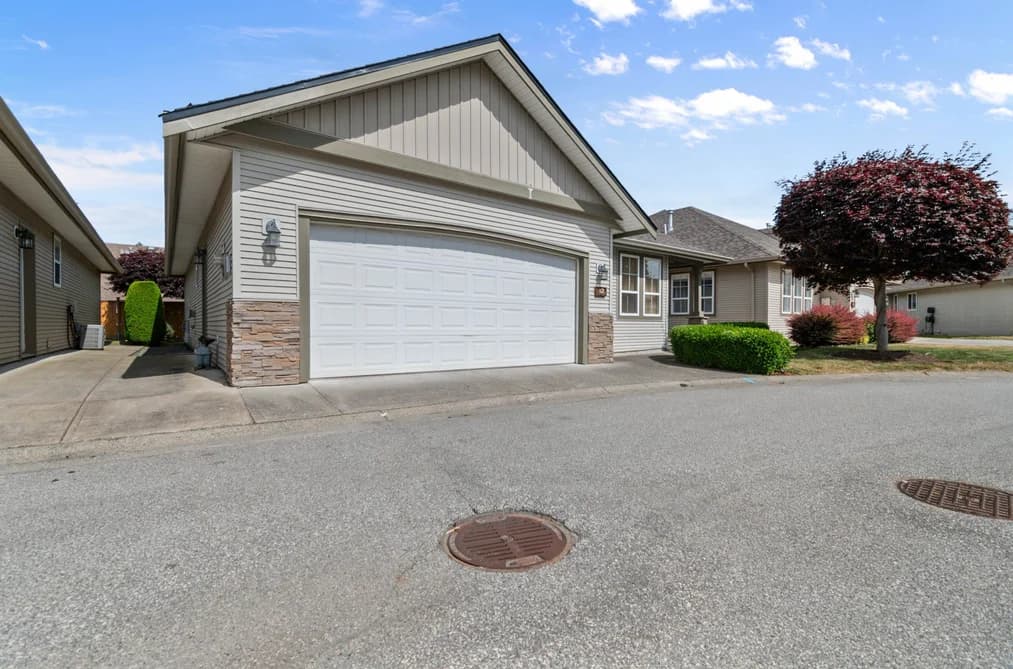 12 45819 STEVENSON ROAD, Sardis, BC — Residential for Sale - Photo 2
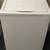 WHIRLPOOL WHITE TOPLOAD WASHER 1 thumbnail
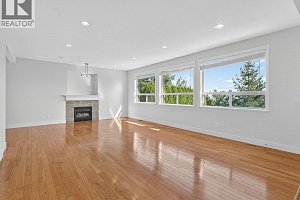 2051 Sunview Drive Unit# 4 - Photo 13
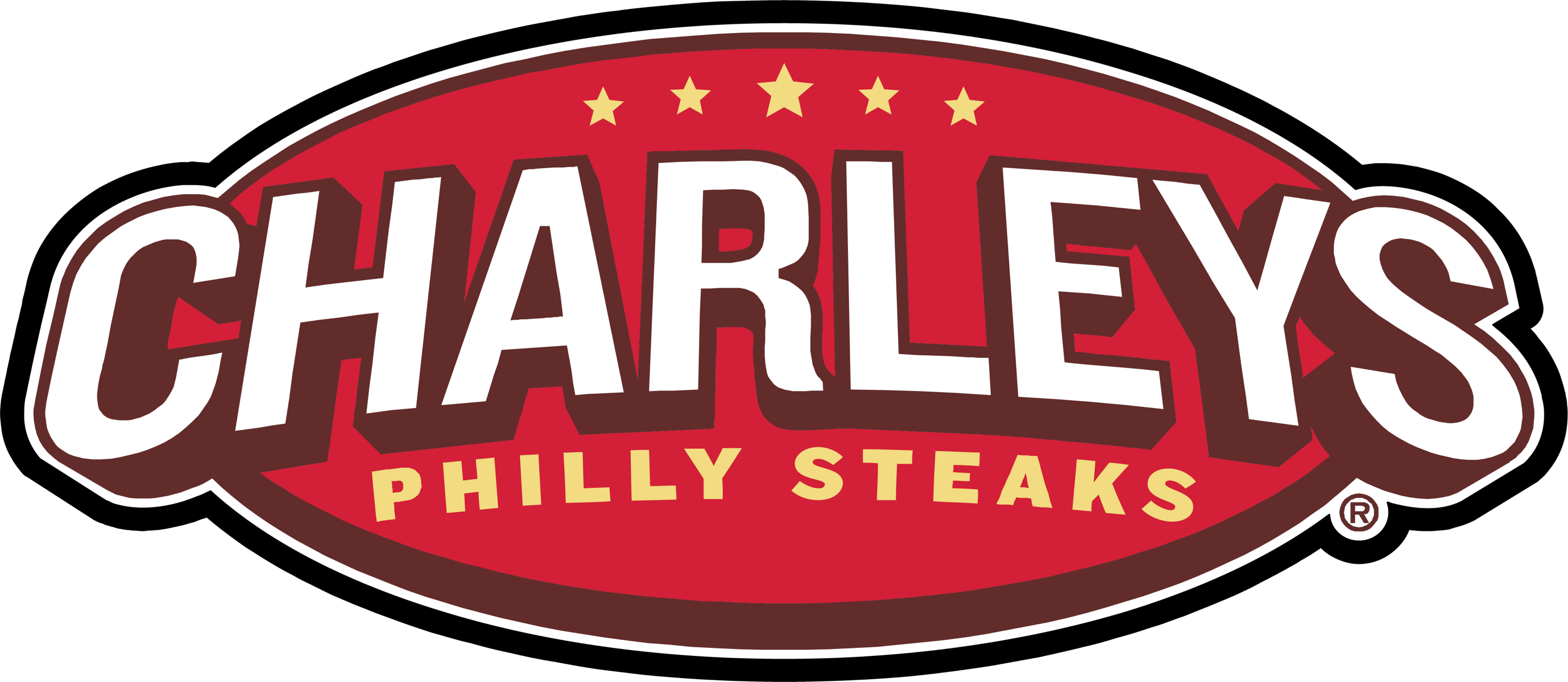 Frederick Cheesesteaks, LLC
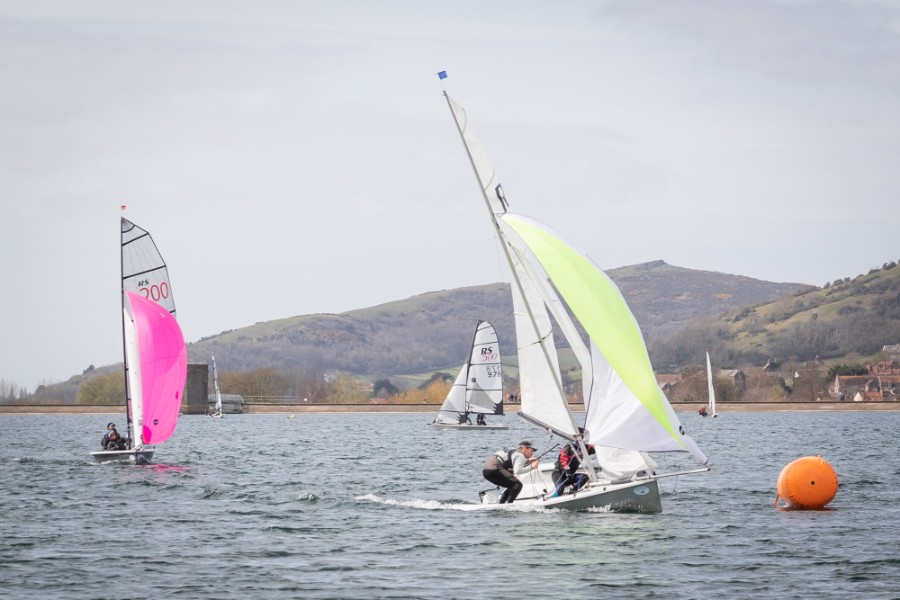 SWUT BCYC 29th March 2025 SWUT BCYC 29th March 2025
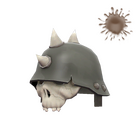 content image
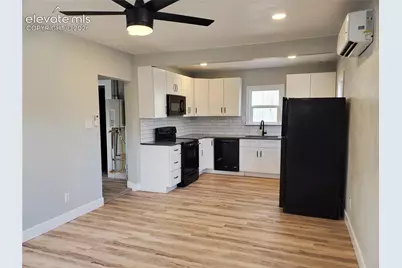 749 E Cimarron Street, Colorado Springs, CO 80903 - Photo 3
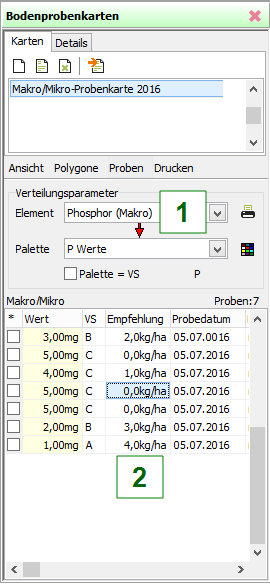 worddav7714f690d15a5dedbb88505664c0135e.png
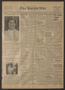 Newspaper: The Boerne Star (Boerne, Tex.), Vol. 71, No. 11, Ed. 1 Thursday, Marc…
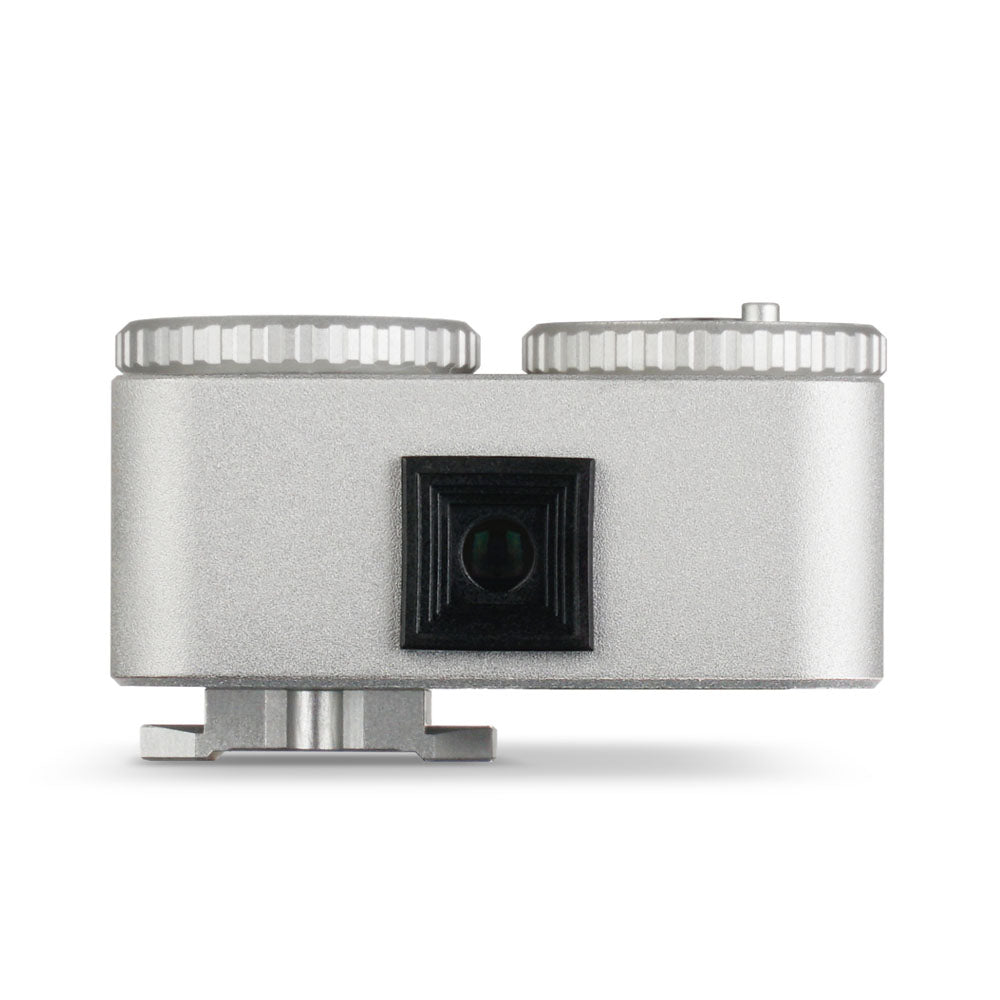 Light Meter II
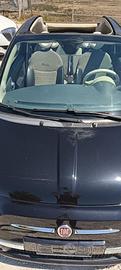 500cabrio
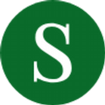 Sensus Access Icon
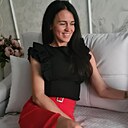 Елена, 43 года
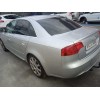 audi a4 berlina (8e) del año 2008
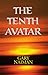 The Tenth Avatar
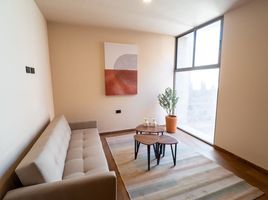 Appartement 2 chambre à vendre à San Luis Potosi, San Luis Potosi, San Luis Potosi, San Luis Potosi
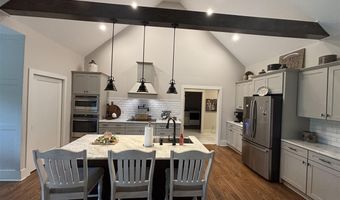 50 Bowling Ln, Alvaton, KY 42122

##############################

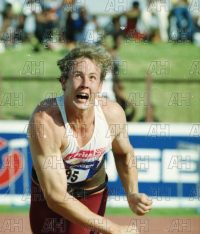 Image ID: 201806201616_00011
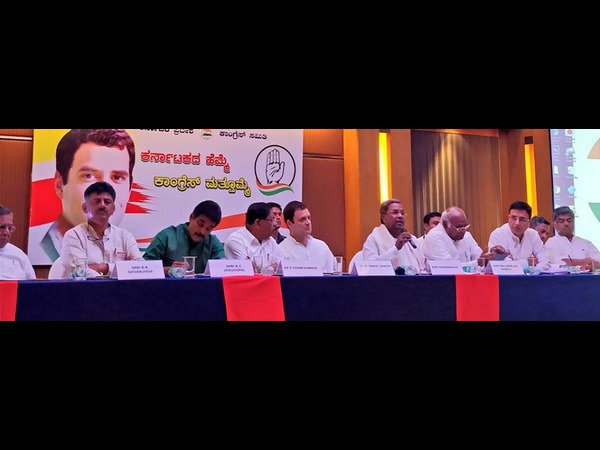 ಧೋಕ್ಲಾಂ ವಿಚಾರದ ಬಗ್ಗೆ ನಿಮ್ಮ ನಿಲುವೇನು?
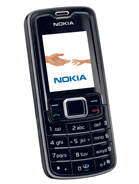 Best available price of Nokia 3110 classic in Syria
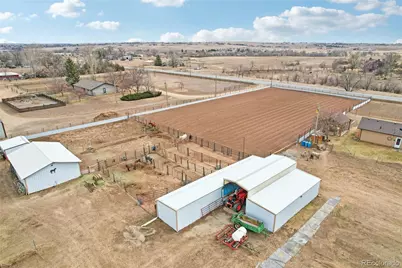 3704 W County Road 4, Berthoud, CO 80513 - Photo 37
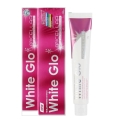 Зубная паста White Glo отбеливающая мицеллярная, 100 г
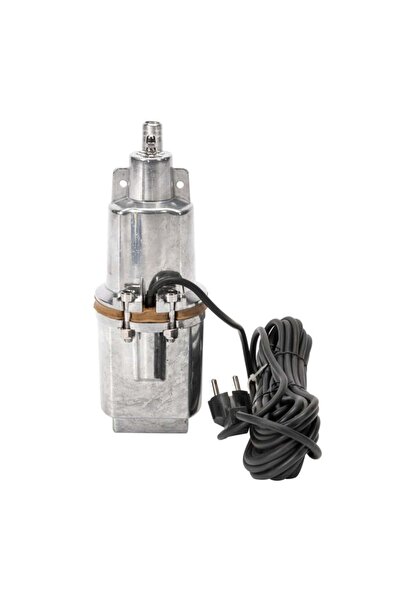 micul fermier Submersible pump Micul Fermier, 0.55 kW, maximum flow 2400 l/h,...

##############################

- ACTION ITEM -
Word for word, retype the lines in the entries above that run from the one with "content image" through the one with "50 Bowling Ln, Alvaton, KY 42122". Both ends count; pictures do not.

- TASK RESULT -
 content image
 749 E Cimarron Street, Colorado Springs, CO 80903 - Photo 3
 worddav7714f690d15a5dedbb88505664c0135e.png
 Newspaper: The Boerne Star (Boerne, Tex.), Vol. 71, No. 11, Ed. 1 Thursday, Marc…
 Light Meter II
 500cabrio
 Sensus Access Icon
 Елена, 43 года
 audi a4 berlina (8e) del año 2008
 The Tenth Avatar
 Appartement 2 chambre à vendre à San Luis Potosi, San Luis Potosi, San Luis Potosi, San Luis Potosi
 50 Bowling Ln, Alvaton, KY 42122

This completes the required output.